Potential competitors, such as the much larger publicly-traded Cecil-based engineering software firm Ansys Inc., needn't run for cover -- yet.

For now, the upstart is focused on proving the BubbleMesh technology with a small but growing group of customers.

The strategy included turning away venture capital dollars, said Mr. Beckley. "The idea is to keep the company small and nimble," he said.


Last summer, Pittsburgh native Tom Gerace accompanied his parents to a fund-raiser hosted by Pittsburgh Pirates CEO Kevin McClatchy in his suite at PNC Park.

This week, Mr. McClatchy invested an undisclosed amount in Mr. Gerace's Gather.com, an online networking site targeted at the well-heeled, urban-dwelling Whole Food set. He "understood the concept right away," Mr. Gerace said.

Gather.com encourages members to gather around topics of shared interest -- such as books, writing and politics. Expect sports to be the next topic to turn up on the site.

Mr. Gerace said the firm is hiring engineers for its Downtown Pittsburgh research and development operation that employs about 13.


Nonprofit at-risk youth advocacy group Child Watch of Pittsburgh will host a "Web-raising" on Monday, an event that borrows from the Amish tradition known as a barn-raising. In Amish country it's building a barn, on Monday in Downtown Pittsburgh, it's building a Web site.

The time, technical expertise and money donated by volunteers and local foundations will enable Child Watch to have a Web presence in two hours, said Child Watch Executive Director Amy Raslevich.


Add the Congressional Caucus on Robotics, co-founded by U.S. Rep. Mike Doyle, to the growing list of cause-driven klatches on Capitol Hill.

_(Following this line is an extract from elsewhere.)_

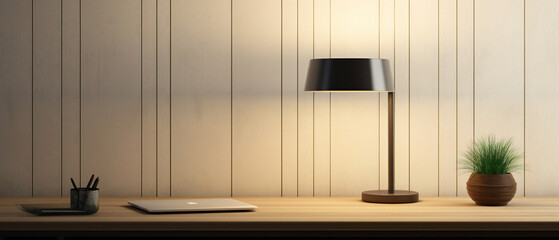 A sleek and minimalistic desk lamp in a neutral color, illuminated with a warm light.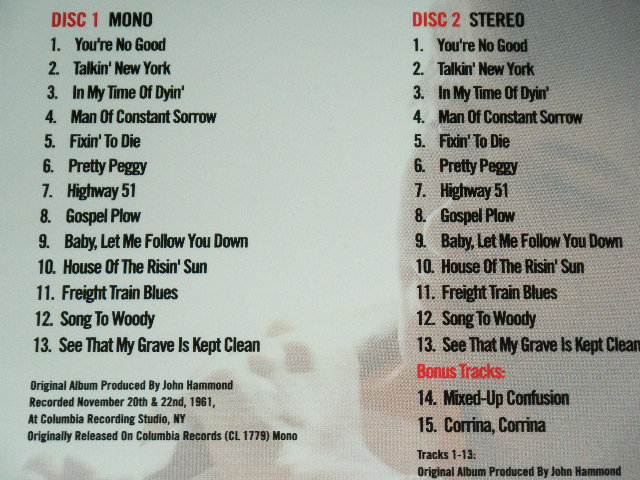 画像: BOB DYLAN - BOB DYLAN ( MONO & STEREO + BONUS Tracks )  / 2011 EUROPE "Brand New" 2 CD'S SET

The Forest Hills Democrat teamed-up with Tennessee Republican Rep. Zach Wamp earlier this week to create the caucus that aims to generate awareness of and foster the growth of the nation's robotics industry.


GOP mayoral candidate Mark DeSantis confirmed he's taken over South Side-based startup Mobile Fusion in the absence of former CEO Ric Castro, who left the firm recently to "pursue other business interests."

Prior to becoming Mobile Fusion's president, Mr. DeSantis was an adviser to the young firm, which is developing a prototype for a softball-like device equipped with a camera and sensors that when tossed into potentially dangerous situations acts as the eyes and ears of "first-responders" and soldiers.

"We decided that it was time for a reorganization," Mr. DeSantis said of the shake-up at the year-old firm.

Mobile Fusion experienced a growth spurt earlier this year, securing an undisclosed amount from private "angel" investors in addition to roughly $300,000 from startup generator Innovation Works.

Mr. Desantis' quest to unseat Mayor Luke Ravenstahl won't distract him from manning the six-person firm, he said. "Mobile Fusion is my full-time job. My spare time is running for office."